▶ Work to complete:
Write out the data exactly, please, and omit the pictures.

▶ Data block:
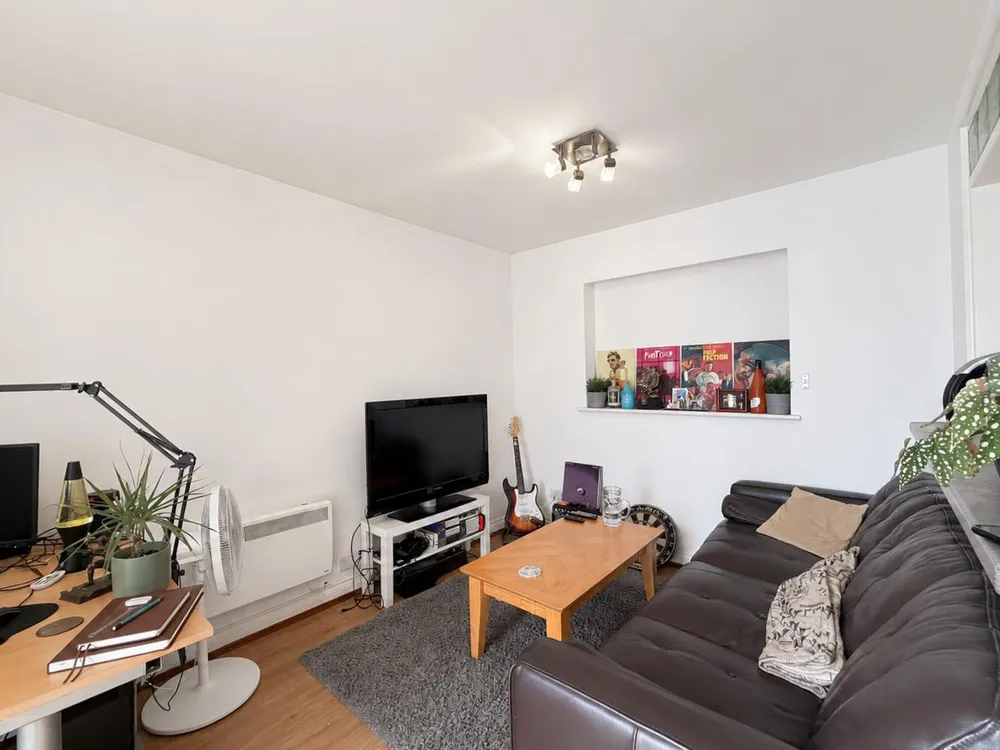 Flat Allhallows Court in Exeter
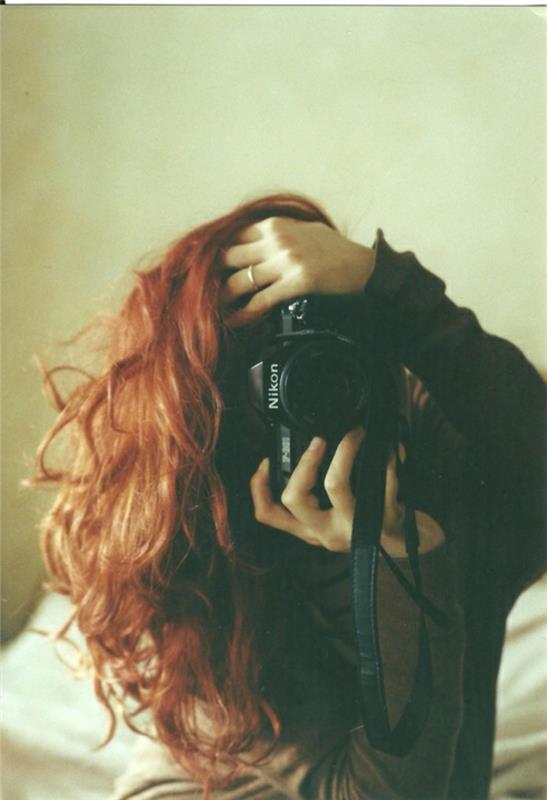 čo-farby-vlasov-červená-mahagónová-fotograf-starostlivosť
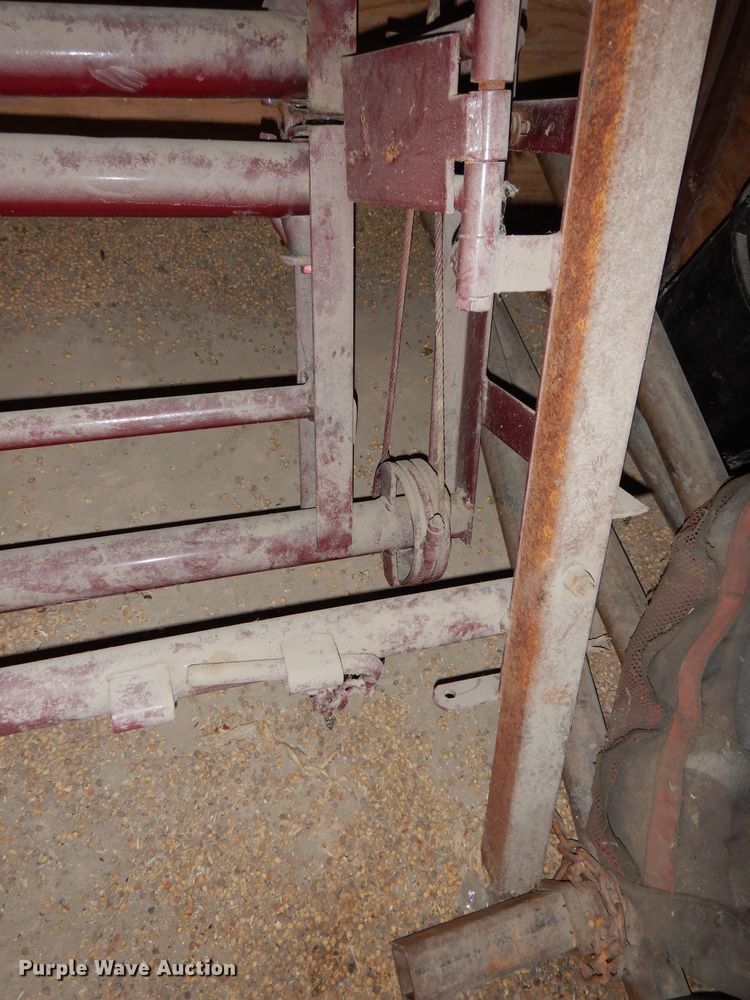 image for item NJ9837 Catch head gate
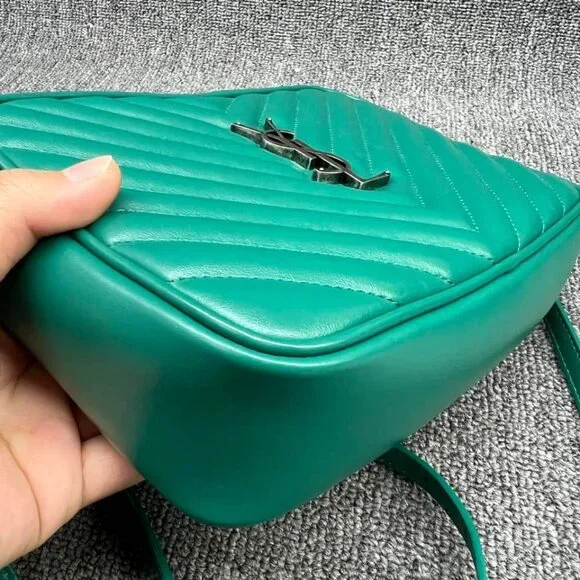 100% Authentic Yves Saint Laurent Camera Crossbody Bag - Picture 4 of 13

▶ Your solution:
 Flat Allhallows Court in Exeter
 čo-farby-vlasov-červená-mahagónová-fotograf-starostlivosť
 image for item NJ9837 Catch head gate
 100% Authentic Yves Saint Laurent Camera Crossbody Bag - Picture 4 of 13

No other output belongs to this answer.